■ Data section:
━━━━━━━━━━━━━━━━━━━━

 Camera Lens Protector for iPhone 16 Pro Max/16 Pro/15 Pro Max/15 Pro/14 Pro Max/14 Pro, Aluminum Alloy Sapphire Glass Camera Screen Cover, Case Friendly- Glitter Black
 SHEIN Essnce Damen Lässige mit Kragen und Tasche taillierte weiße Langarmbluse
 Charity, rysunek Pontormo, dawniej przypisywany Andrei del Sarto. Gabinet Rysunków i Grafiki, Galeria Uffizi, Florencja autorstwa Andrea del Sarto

━━━━━━━━━━━━━━━━━━━━

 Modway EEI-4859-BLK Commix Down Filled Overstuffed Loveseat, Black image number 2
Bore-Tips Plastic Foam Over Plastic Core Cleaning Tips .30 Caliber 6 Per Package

━━━━━━━━━━━━━━━━━━━━

■ What you should do:
Starting at the line above that contains "Camera Lens Protector", repeat each line exactly up to and including the line that contains "Charity, rysunek Pontormo, dawniej", and stop there.

■ Task result:
 Camera Lens Protector for iPhone 16 Pro Max/16 Pro/15 Pro Max/15 Pro/14 Pro Max/14 Pro, Aluminum Alloy Sapphire Glass Camera Screen Cover, Case Friendly- Glitter Black
 SHEIN Essnce Damen Lässige mit Kragen und Tasche taillierte weiße Langarmbluse
 Charity, rysunek Pontormo, dawniej przypisywany Andrei del Sarto. Gabinet Rysunków i Grafiki, Galeria Uffizi, Florencja autorstwa Andrea del Sarto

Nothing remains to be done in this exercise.